__Exercise instructions__: Only an exact reprint of all the data is acceptable.

>>>

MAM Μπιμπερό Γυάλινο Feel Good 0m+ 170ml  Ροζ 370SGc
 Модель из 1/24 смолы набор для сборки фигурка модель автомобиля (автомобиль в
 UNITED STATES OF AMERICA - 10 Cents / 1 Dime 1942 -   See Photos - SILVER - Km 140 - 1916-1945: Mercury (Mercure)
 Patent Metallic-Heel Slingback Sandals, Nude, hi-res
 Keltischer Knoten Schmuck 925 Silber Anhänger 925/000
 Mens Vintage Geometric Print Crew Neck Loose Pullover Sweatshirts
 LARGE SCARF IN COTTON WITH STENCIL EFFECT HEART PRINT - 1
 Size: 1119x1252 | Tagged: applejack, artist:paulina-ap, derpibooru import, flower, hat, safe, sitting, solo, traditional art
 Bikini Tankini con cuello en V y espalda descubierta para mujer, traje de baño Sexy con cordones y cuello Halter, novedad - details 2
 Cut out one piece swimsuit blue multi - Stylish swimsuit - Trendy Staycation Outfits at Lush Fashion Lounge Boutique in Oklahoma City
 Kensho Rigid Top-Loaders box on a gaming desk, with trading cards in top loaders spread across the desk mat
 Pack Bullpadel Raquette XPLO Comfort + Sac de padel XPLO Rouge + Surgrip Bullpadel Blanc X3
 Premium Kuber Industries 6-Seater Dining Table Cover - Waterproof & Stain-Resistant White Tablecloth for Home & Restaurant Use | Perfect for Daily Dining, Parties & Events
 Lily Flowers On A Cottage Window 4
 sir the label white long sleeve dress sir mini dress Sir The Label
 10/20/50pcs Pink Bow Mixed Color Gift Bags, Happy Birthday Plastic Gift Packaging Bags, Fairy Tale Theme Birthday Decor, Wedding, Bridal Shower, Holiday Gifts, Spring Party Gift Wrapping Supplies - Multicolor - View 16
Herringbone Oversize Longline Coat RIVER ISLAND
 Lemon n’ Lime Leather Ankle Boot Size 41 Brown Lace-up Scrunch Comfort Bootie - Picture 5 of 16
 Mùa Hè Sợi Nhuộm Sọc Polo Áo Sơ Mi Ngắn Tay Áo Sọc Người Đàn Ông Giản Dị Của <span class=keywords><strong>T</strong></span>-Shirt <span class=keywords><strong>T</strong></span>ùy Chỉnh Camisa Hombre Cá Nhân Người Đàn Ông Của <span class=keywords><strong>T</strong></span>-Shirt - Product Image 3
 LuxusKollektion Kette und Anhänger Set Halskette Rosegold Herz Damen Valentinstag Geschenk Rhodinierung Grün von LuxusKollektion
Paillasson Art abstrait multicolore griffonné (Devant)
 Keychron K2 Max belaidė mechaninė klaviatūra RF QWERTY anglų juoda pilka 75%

<<<

__Written answer__:
MAM Μπιμπερό Γυάλινο Feel Good 0m+ 170ml  Ροζ 370SGc
 Модель из 1/24 смолы набор для сборки фигурка модель автомобиля (автомобиль в
 UNITED STATES OF AMERICA - 10 Cents / 1 Dime 1942 -   See Photos - SILVER - Km 140 - 1916-1945: Mercury (Mercure)
 Patent Metallic-Heel Slingback Sandals, Nude, hi-res
 Keltischer Knoten Schmuck 925 Silber Anhänger 925/000
 Mens Vintage Geometric Print Crew Neck Loose Pullover Sweatshirts
 LARGE SCARF IN COTTON WITH STENCIL EFFECT HEART PRINT - 1
 Size: 1119x1252 | Tagged: applejack, artist:paulina-ap, derpibooru import, flower, hat, safe, sitting, solo, traditional art
 Bikini Tankini con cuello en V y espalda descubierta para mujer, traje de baño Sexy con cordones y cuello Halter, novedad - details 2
 Cut out one piece swimsuit blue multi - Stylish swimsuit - Trendy Staycation Outfits at Lush Fashion Lounge Boutique in Oklahoma City
 Kensho Rigid Top-Loaders box on a gaming desk, with trading cards in top loaders spread across the desk mat
 Pack Bullpadel Raquette XPLO Comfort + Sac de padel XPLO Rouge + Surgrip Bullpadel Blanc X3
 Premium Kuber Industries 6-Seater Dining Table Cover - Waterproof & Stain-Resistant White Tablecloth for Home & Restaurant Use | Perfect for Daily Dining, Parties & Events
 Lily Flowers On A Cottage Window 4
 sir the label white long sleeve dress sir mini dress Sir The Label
 10/20/50pcs Pink Bow Mixed Color Gift Bags, Happy Birthday Plastic Gift Packaging Bags, Fairy Tale Theme Birthday Decor, Wedding, Bridal Shower, Holiday Gifts, Spring Party Gift Wrapping Supplies - Multicolor - View 16
Herringbone Oversize Longline Coat RIVER ISLAND
 Lemon n’ Lime Leather Ankle Boot Size 41 Brown Lace-up Scrunch Comfort Bootie - Picture 5 of 16
 Mùa Hè Sợi Nhuộm Sọc Polo Áo Sơ Mi Ngắn Tay Áo Sọc Người Đàn Ông Giản Dị Của <span class=keywords><strong>T</strong></span>-Shirt <span class=keywords><strong>T</strong></span>ùy Chỉnh Camisa Hombre Cá Nhân Người Đàn Ông Của <span class=keywords><strong>T</strong></span>-Shirt - Product Image 3
 LuxusKollektion Kette und Anhänger Set Halskette Rosegold Herz Damen Valentinstag Geschenk Rhodinierung Grün von LuxusKollektion
Paillasson Art abstrait multicolore griffonné (Devant)
 Keychron K2 Max belaidė mechaninė klaviatūra RF QWERTY anglų juoda pilka 75%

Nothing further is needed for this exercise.